Artikel 253 (Verdeling executieopbrengst pandrecht en verrekening)
1. De pandhouder houdt, na voldoening van de kosten van executie, van de netto-opbrengst af het aan hem verschuldigde bedrag waarvoor hij pandrecht heeft. Het overschot wordt aan de pandgever uitgekeerd. Zijn er pandhouders of andere beperkt gerechtigden, wier recht op het goed door de executie is vervallen, of hebben schuldeisers op het goed of op de opbrengst beslag gelegd, dan handelt de pandhouder overeenkomstig het bepaalde in artikel 490b van het Wetboek van Burgerlijke Rechtsvordering.
2. De pandhouder kan de door hem aan de voormelde belanghebbenden uit te keren bedragen niet voldoen door verrekening, tenzij het een uitkering aan de pandgever betreft en deze uitkering niet plaats vindt gedurende diens faillissement, surséance, de toepassing ten aanzien van hem van de schuldsaneringsregeling natuurlijke personen of de vereffening van zijn nalatenschap. Is ten aanzien van de pandgever de schuldsaneringsregeling natuurlijke personen van toepassing, dan kan niettemin een uitkering aan de pandgever door verrekening worden voldaan indien het pandrecht is gevestigd na de uitspraak tot de toepassing van de schuldsaneringsregeling en zowel de vordering als de schuld na die uitspraak zijn ontstaan.
Uitleg in duidelijke taal
1. De pandhouder houdt, na voldoening van de kosten van executie, van de netto-opbrengst af het aan hem verschuldigde bedrag waarvoor hij pandrecht heeft. Het overschot wordt aan de pandgever uitgekeerd. Zijn er pandhouders of andere beperkt gerechtigden, wier recht op het goed door de executie is vervallen, of hebben schuldeisers op het goed of op de opbrengst beslag gelegd, dan handelt de pandhouder overeenkomstig het bepaalde in artikel 490b van het Wetboek van Burgerlijke Rechtsvordering.

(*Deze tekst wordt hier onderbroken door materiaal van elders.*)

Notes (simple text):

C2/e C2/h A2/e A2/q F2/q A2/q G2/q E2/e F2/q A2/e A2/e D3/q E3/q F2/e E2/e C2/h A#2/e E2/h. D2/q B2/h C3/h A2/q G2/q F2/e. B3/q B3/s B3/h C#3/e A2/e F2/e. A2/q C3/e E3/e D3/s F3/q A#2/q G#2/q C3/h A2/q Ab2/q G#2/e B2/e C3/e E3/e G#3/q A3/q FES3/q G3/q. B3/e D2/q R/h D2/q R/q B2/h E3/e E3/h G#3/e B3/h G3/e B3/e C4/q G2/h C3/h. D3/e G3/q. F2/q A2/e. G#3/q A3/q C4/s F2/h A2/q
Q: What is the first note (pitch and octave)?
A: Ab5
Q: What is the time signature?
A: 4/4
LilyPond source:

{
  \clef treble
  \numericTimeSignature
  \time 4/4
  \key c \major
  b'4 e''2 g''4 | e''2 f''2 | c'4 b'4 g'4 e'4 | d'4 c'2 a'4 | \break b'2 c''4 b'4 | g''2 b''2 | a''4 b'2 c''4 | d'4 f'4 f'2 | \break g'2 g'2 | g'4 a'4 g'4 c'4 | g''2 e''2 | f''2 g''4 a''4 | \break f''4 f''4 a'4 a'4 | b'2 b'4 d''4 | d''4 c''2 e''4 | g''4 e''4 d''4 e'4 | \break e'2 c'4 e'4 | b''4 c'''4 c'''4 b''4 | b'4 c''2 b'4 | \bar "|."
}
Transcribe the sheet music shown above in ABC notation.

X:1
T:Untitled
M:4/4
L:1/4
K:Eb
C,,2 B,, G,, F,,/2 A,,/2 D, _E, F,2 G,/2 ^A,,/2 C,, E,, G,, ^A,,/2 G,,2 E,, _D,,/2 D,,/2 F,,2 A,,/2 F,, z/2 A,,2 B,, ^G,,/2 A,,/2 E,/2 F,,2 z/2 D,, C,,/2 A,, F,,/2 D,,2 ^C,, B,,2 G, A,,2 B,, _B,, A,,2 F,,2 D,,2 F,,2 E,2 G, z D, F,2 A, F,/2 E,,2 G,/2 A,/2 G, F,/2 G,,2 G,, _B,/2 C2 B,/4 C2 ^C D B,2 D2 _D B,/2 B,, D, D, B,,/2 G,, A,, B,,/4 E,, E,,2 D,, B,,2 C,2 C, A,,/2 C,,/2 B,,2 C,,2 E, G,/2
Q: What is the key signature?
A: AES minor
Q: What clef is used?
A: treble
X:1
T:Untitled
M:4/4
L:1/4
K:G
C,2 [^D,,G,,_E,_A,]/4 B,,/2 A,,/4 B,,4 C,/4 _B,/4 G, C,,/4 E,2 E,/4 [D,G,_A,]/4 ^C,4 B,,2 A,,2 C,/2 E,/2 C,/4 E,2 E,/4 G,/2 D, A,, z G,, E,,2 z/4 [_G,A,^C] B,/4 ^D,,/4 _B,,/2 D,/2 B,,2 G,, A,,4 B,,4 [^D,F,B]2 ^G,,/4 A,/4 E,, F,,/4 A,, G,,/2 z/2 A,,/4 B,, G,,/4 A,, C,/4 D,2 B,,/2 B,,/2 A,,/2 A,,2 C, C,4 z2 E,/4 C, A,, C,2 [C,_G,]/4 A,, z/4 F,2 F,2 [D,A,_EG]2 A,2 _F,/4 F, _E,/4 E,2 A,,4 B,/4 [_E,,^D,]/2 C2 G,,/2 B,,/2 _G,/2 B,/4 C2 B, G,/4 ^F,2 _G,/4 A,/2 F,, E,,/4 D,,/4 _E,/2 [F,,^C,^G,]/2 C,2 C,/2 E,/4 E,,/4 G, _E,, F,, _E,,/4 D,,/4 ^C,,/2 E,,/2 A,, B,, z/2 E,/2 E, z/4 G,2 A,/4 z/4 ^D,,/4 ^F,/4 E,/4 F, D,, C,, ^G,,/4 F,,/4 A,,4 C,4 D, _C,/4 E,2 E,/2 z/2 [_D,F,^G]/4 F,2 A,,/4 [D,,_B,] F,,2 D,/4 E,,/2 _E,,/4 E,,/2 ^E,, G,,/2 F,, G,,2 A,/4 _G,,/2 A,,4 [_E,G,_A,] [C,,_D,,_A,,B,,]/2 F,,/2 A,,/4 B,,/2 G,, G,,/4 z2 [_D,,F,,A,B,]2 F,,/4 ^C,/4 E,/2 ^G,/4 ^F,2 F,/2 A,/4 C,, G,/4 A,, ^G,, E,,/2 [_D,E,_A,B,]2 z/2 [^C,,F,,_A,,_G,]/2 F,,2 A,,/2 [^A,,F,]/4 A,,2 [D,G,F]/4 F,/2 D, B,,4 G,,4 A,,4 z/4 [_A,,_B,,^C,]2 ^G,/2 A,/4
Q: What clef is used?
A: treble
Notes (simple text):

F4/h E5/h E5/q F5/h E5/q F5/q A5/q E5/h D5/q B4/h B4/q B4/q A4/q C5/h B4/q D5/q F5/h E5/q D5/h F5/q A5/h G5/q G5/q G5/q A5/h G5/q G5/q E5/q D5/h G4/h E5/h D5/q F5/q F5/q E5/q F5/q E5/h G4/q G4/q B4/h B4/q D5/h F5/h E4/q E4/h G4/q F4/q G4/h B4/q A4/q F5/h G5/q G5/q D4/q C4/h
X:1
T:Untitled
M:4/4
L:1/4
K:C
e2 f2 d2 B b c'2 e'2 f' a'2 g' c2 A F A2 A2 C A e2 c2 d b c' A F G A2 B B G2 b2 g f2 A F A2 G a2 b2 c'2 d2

Dit lid bepaalt hoe de pandhouder de opbrengst van de executie verdeelt. Eerst, na voldoening van de kosten van executie, houdt de pandhouder van de netto-opbrengst het bedrag af dat aan hem verschuldigd is en waarvoor hij pandrecht heeft. Het eventuele overschot wordt aan de pandgever uitgekeerd. Indien er andere pandhouders zijn, of andere beperkt gerechtigden wier recht op het goed door de executie is vervallen, of als schuldeisers op het goed of op de opbrengst beslag hebben gelegd, dan handelt de pandhouder overeenkomstig het bepaalde in artikel 490b van het Wetboek van Burgerlijke Rechtsvordering.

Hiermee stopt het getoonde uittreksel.